◆ Your task ◆
Going through the material below, output exactly the lines from the one containing "2025 Nouveaux Jeans" through the one containing "Chisel 8mm Green", and no pictures.

◆ Supplied records ◆
☆ ☆ ☆ ☆
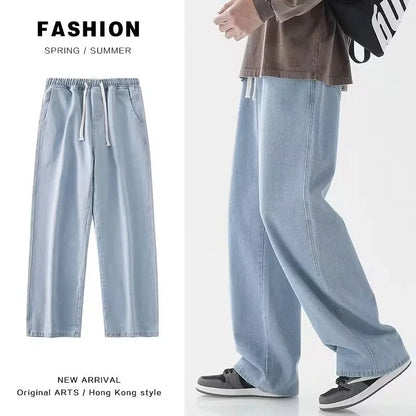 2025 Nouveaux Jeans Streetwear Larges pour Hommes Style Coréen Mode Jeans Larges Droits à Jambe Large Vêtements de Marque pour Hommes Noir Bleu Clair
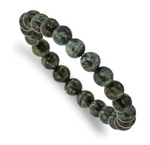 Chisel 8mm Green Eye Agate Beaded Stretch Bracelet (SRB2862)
☆ ☆ ☆ ☆
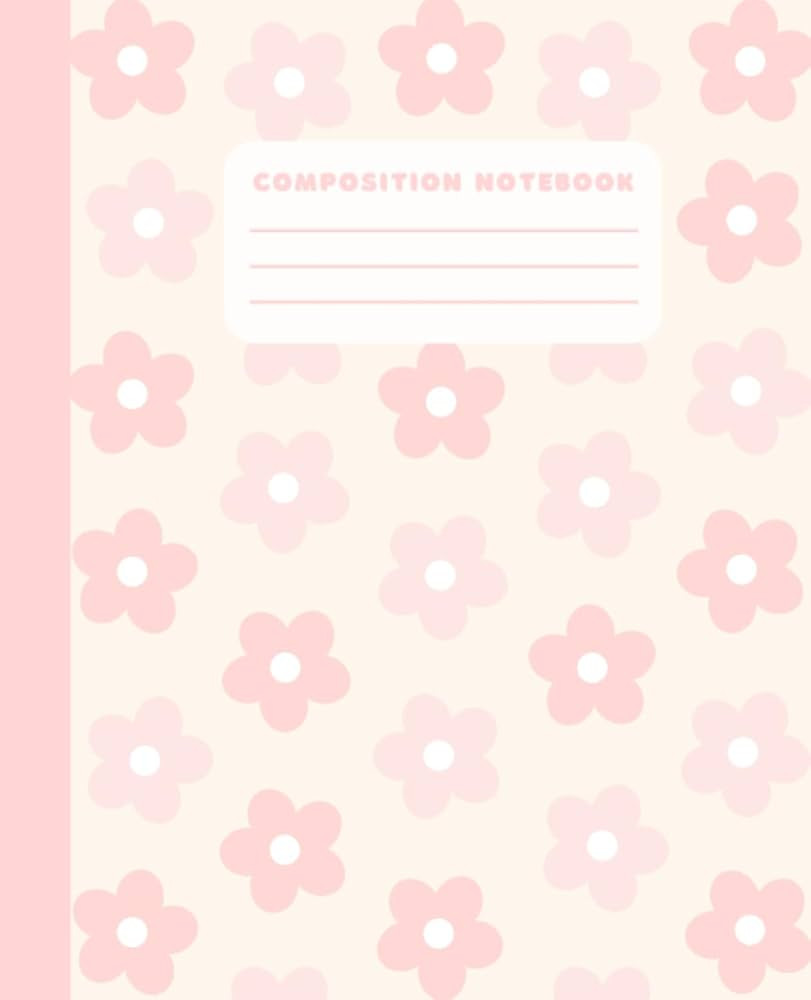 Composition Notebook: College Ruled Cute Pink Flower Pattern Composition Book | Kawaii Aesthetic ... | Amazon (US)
☆ ☆ ☆ ☆
◆ Expected output ◆
 2025 Nouveaux Jeans Streetwear Larges pour Hommes Style Coréen Mode Jeans Larges Droits à Jambe Large Vêtements de Marque pour Hommes Noir Bleu Clair
 Chisel 8mm Green Eye Agate Beaded Stretch Bracelet (SRB2862)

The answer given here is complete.